Ng Wai-Leung, Kazmierczak Krystyna M, Robertson Gregory T, Gilmour Raymond, Winkler Malcolm E
Division of Infectious Diseases Research, Lilly Research Laboratories, Eli Lilly and Company, Indianapolis, IN 46285, USA.
J Bacteriol. 2003 Jan;185(1):359-70. doi: 10.1128/JB.185.1.359-370.2003.

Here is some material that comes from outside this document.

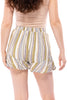 Outside The Box Women's Striped Ruffle Shorts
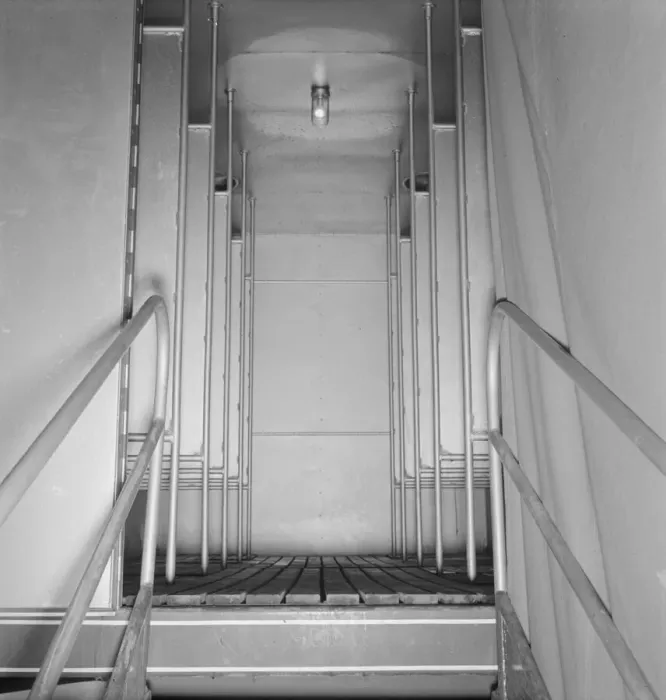 Framed Print : Interior of shower bath unit, FSA camp, Merrill, Klamath County, Oregon, 1939. Creator: Dorothea Lange Framed Print : Interior of shower bath unit, FSA camp, Merrill, Klamath County, Oregon, 1939. Creator: Dorothea Lange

The effects of sublethal concentrations of four different classes of translation inhibitors (puromycin, tetracycline, chloramphenicol, and erythromycin) on global transcription patterns of Streptococcus pneumoniae R6 were determined by microarray analyses. Consistent with the general mode of action of these inhibitors, relative transcript levels of genes that encode ribosomal proteins and translation factors or that mediate tRNA charging and amino acid biosynthesis increased or decreased, respectively. Transcription of the heat shock regulon was induced only by puromycin or streptomycin treatment, which lead to truncation or mistranslation, respectively, but not by other antibiotics that block translation, transcription, or amino acid charging of tRNA. In contrast, relative transcript amounts of certain genes involved in transport, cellular processes, energy metabolism, and purine nucleotide (pur) biosynthesis were changed by different translation inhibitors. In particular, transcript amounts from a pur gene cluster and from purine uptake and salvage genes were significantly elevated by several translation inhibitors, but not by antibiotics that target other cellular processes. Northern blotting confirmed increased transcript amounts from part of the pur gene cluster in cells challenged by translation inhibitors and revealed the presence of a 10-kb transcript. Purine metabolism genes were negatively regulated by a homologue of the PurR regulatory protein, and full derepression in a DeltapurR mutant depended on optimal translation. Unexpectedly, hierarchical clustering of the microarray data distinguished among the global transcription patterns caused by antibiotics that inhibit different steps in the translation cycle. Together, these results show that there is extensive control of transcript amounts by translation in S. pneumoniae, especially for de novo purine nucleotide biosynthesis. In addition, these global transcription patterns form a signature that can be used to classify the mode of action and potential mechanism of new translation inhibitors.
通过微阵列分析确定了四种不同类型的翻译抑制剂(嘌呤霉素、四环素、氯霉素和红霉素)的亚致死浓度对肺炎链球菌R6全局转录模式的影响。与这些抑制剂的一般作用模式一致,编码核糖体蛋白和翻译因子或介导tRNA电荷化及氨基酸生物合成的基因的相对转录水平分别升高或降低。热休克调节子的转录仅在嘌呤霉素或链霉素处理后被诱导,这分别导致截短或错误翻译,但其他阻断翻译、转录或tRNA氨基酸电荷化的抗生素则不会诱导。相反,参与转运、细胞过程、能量代谢和嘌呤核苷酸(pur)生物合成的某些基因的相对转录量因不同的翻译抑制剂而发生变化。特别是,几种翻译抑制剂可显著提高pur基因簇以及嘌呤摄取和补救基因的转录量,但靶向其他细胞过程的抗生素则不会。Northern印迹证实了在受到翻译抑制剂挑战的细胞中,部分pur基因簇的转录量增加,并揭示了一个10 kb转录本的存在。嘌呤代谢基因受到PurR调节蛋白同源物的负调控,在DeltapurR突变体中的完全去阻遏依赖于最佳翻译。出乎意料的是,微阵列数据的层次聚类区分了由抑制翻译循环中不同步骤的抗生素所引起的全局转录模式。总之,这些结果表明,肺炎链球菌中翻译对转录量有广泛的调控作用,尤其是对于从头嘌呤核苷酸生物合成。此外,这些全局转录模式形成了一种特征,可用于对新翻译抑制剂的作用模式和潜在机制进行分类。